Travel news - destinations in north Thailand

Around Nan on two wheels

The northern province is blessed with a charming capital filled with history and Lanna grace.

For cyclists, Nan province way up north is a real charmer. It takes a couple of days to explore the city itself, with its appealing heritage and the lure of its community network, but there is much more to investigate, from tranquil temples, a national museum and the residences of Lanna royalty to the quaint old homes of regular folk.

 

And all these attractions are found with surprising ease - no map or guidebook needed (though some fine ones are on offer).

Nan is 668 kilometres north of Bangkok, far enough that people seem to think you need a strong determination to trek this far.

That's not just because Nan is a long way up (and at times a long way off) the road, but because that road snakes along mountains, forcing drivers to slow down for safety's sake.

People visit Nan because of its reputation as the home of unspoiled cultural and natural treasures.

Adventurous types usually opt for stays in Doi Phu Ka National Park or beside the Wa River, which is popular for whitewater rafting.

Those who prefer immersing themselves in culture head for downtown Nan, which recently became only the second place in the country designated for cultural preservation, after Bangkok's Rattanakosin Island.

But almost everyone finds their way to a dinner table using Sarakadee's "Nai Rob Roo", an informative and reliable series. Others prefer to browse websites.

But we've got our bikes and we're shunning all offers of assistance.

The night before our departure, though, we pick the brain of a friend who moved to Nan to open a small coffeeshop and restaurant called Hot Bread. He recommends the Nan Fa Hotel - the oldest hotel in town and mostly made of teak.

On arrival we find the city nestled along the Nan River. The local people descended from the Lan Chang of present-day Laos. Their forebears settled about 700 years ago in what is now Pua district, which is rich in rock-salt deposits, then gradually moved south to the fertile Nan River basin.

The original city was on the hill where Phra Tha Cha Hang is now. A highland drought forced Phya Pha Kong, the son of Nan's founder Phya Karn Muang, to move the city here, on the west bank of the river.

The hotel is on Sumon Dhevaraj Road, between luxurious new inns and a bank. The Nan Fa, in contrast, has only 13 air-conditioned rooms, ranging in price from Bt350 to Bt450.

"This hotel is more than 80 years old," says general manager Somneuk Rachasing, pointing at an old picture on the wall of the Chinese owners.

"I came here to manage the place years ago, renting the building from them."

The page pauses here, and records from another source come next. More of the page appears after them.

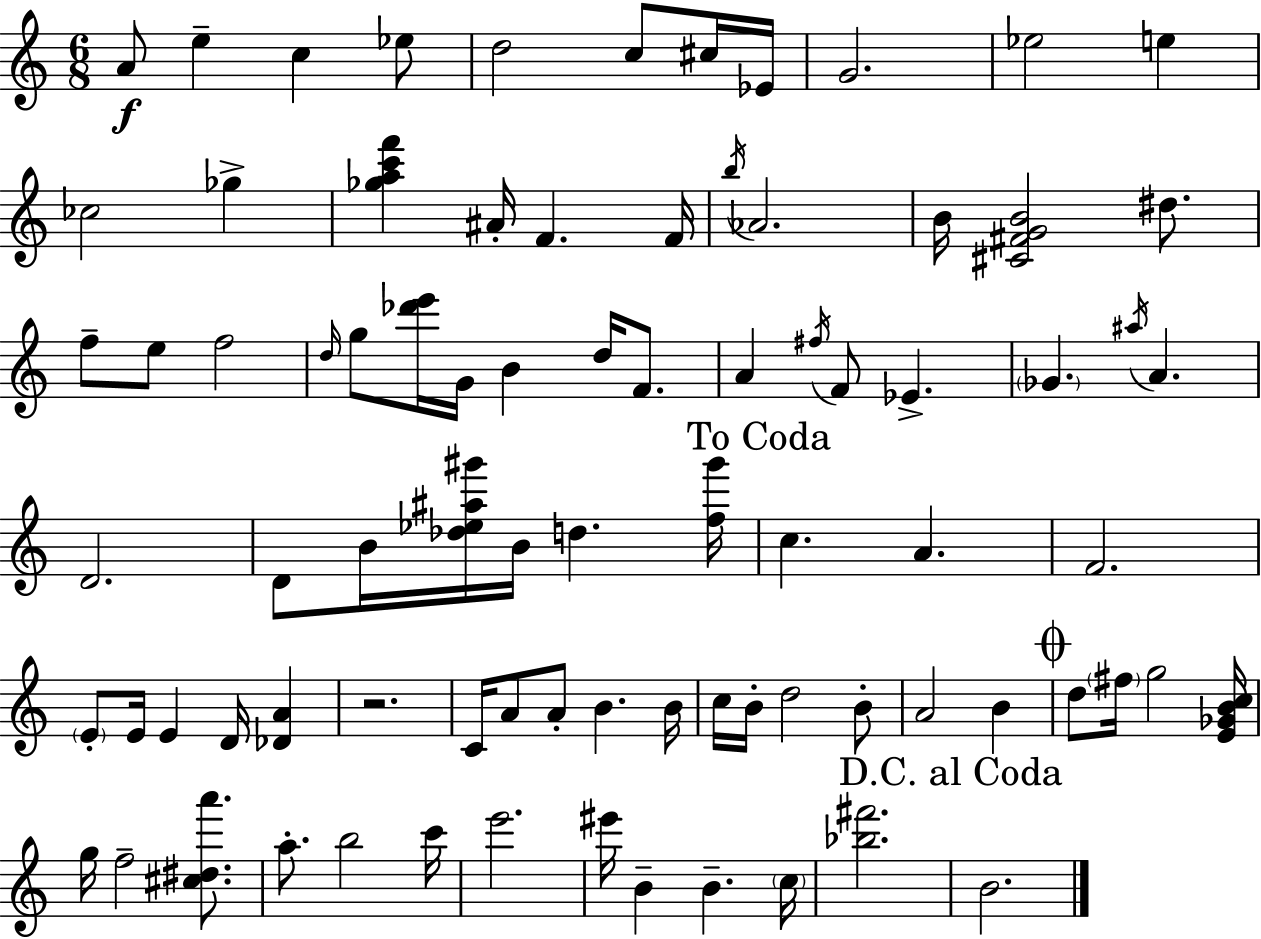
X:1
T:Untitled
M:6/8
L:1/4
K:Am
A/2 e c _e/2 d2 c/2 ^c/4 _E/4 G2 _e2 e _c2 _g [_gac'f'] ^A/4 F F/4 b/4 _A2 B/4 [^C^FGB]2 ^d/2 f/2 e/2 f2 d/4 g/2 [_d'e']/4 G/4 B d/4 F/2 A ^f/4 F/2 _E _G ^a/4 A D2 D/2 B/4 [_d_e^a^g']/4 B/4 d [f^g']/4 c A F2 E/2 E/4 E D/4 [_DA] z2 C/4 A/2 A/2 B B/4 c/4 B/4 d2 B/2 A2 B d/2 ^f/4 g2 [E_GBc]/4 g/4 f2 [^c^da']/2 a/2 b2 c'/4 e'2 ^e'/4 B B c/4 [_b^f']2 B2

After a short rest in our comfortable, clean, TV-equipped room, we head off on our bikes to a tourist information centre near the province's most famous attraction, Wat Phumin.

That's what we should see first, we're told, and then Wat Chang Kham and the National Museum, all three around the same intersection, followed by other nearby temples and the old Lanna royal residences.

All attractions have volunteer guides on the weekends, who are full of interesting stories.

Wat Phumin was built by King Jethabudbhromin in 1596, with a quadruple-portico ubosot and viharn.

The main Buddha images are four statues with their backs to one another in the main hall, facing the four directions. The temple's wooden doors are delicately carved in splendid designs by Lanna artisans.

Wat Phumin underwent a major restoration in 1867, when it's believed its ancient murals were commissioned. Rendered in the Thai Lu ethnic style and highly valued, they depict legends about Lord Buddha and the local way of life, including native attire, weaving and even foreign trade.

After more than an hour spent admiring the Lanna murals, we walk across the road to Wat Chang Kham Wora Viharn to see the city's most famous pagoda, and there a group of junior volunteers approach us with an offer of guided history.

The temple was built in 1406 by the then-ruler of Nan, Phya Phu Keng.

Originally called Wat Luang Klang Wieng, it got its present name from the 24 elephants guarding its Sukhothai-style pagoda, Phra That Luang.

Arrayed around the pagoda's base, the elephants are in the protective stance that suggests the term chang kham.

Elsewhere there's a marvellous pulpit in the shape of a Busabok, a revered golden Buddha image - Phra Nanthaburi Sri Sakayamuni - and a large scripture hall. As we stroll about, our noses delight to the scent from the blooms of Indian cork trees.

After lunch at Hot Bread, we're off to visit the town's one and only silversmith, who makes elegant utensils once widely used in the past, such as ceremonial bowls and ladles, betel boxes and footed trays.